That’s what ministry to the trans communities can feel like.
That’s what ministry as a trans person can feel like: that what is
done seems so small, so meaningless. It’s like the “cold and broken
Hallelujahs” that Leonard Cohen wrote about. While we know that
being part of the Body of Christ means that fear and death and sin
have been conquered, we who are trans live with the fear of sin and
death even as we praise God. While we know that we are all one in the
Body of Christ, we who are trans know there are many who force
distinctions and divisions upon us, and we still praise God. We
praise God when we go to bed at night because we’ve literally
survived another day. And yet, and yet: our praise and gratitude
seems so hollow when we read in the news of another trans murder, or
suicide, or another child facing torment at school, or another
legislator passing laws forbidding us from using public restrooms.
Our prayers seem for naught, and our work seems so small.
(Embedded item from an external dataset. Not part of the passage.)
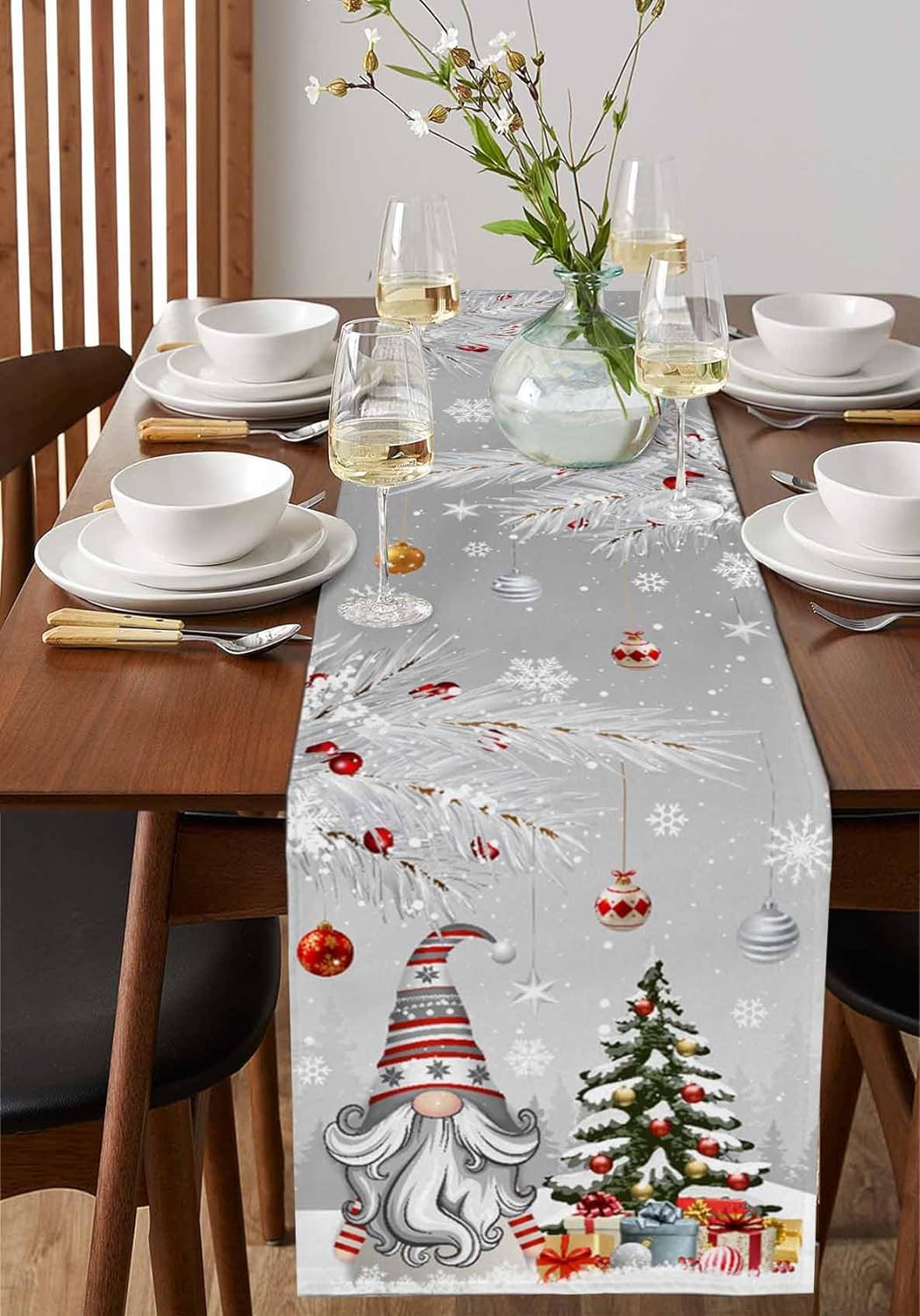 ผ้าปูโต๊ะผ้าลินินลายโนมส์สีเทา - Linum Home Textiles บทวิจารณ์และราคา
Not all forms of activism and ministry might be easily noticeable.
It might seem as futile as standing on the beach and trying to hold
back the tide. And yet, even there, the water does not flow through
one’s body. No. It must flow around. Just standing there disrupts
the flow, even if in an extremely small way. But that way will matter
to something. And even the seemingly smallest gestures of social
justice ministry cause disruption to the privileged and offer respite
marginalized.

Today’s non-biblical reading, the Consolation of Paneros, comes
from a larger work called “You Will Not Be Missed,” so titled
because part of it is from the point of view of those who despise and
torment trans persons. There are times when we think we won’t be
missed. It certainly is something we trans persons are told by those
who harass us. No one will care. No one will mourn you. “God hates
fags,” and trans persons are folded into that term by the hateful.
And yet, it’s also something that trans persons and our loved ones
will say to trans persons: you won’t be missed. Why? In an effort
to tell us to harden our hearts to the hate we are forced to endure,
to toughen us up. The death toll compiled by most TDoR activists
focuses on the murdered. Almost never the suicides are included. And
yet, they should be even as it means the numbers will be much higher.
You see, the suicides are still murdered by the hateful. It’s just
cowardly murder as the hateful don’t want to face the consequences
of actually killing others, so they make life miserable for trans
persons, goading us to destroy ourselves. “Fags die, god laughs,”
they’ll tell us.

We will not be missed—because we will survive! This is the
message behind the Consolation of Paneros: it is answer to the
statement that will won’t be missed. We will let love grow in our
hearts even as we harden them against the hate, keeping the hate out
and letting love flow freely. I will resist the hate in this world,
and I will spread the love that I can. Even if it that love touches
only a few, it will touch some. And maybe they will reach out with
love, and so on.

Faith communities such as this can be havens for the trans
communities. Even as there is a backlash against religion in general
and Christianity in particular among trans persons, there is a thirst
for the connection and community that can be found among people of
faith. It is one of the reasons I am pursuing ministry, such as it
is. Someone has to do something, and I am someone. Some church has to
do something, and this is some church.

Keep the faith. Keep doing the work. Keep standing with us as we
fight the good fight.

Let us pray.

GOD, our lives end on a daily basis and we are thankful to have
survived. We pray, even when the flame of faith seems to have gone
cold and the words praise fall to pieces. But you are there with us.
Help us to know your presence. Help those who help us to keep the
faith. And help those who would be our destroyers understand that
whatsoever they do to the least of Jesus’ people, they do unto him.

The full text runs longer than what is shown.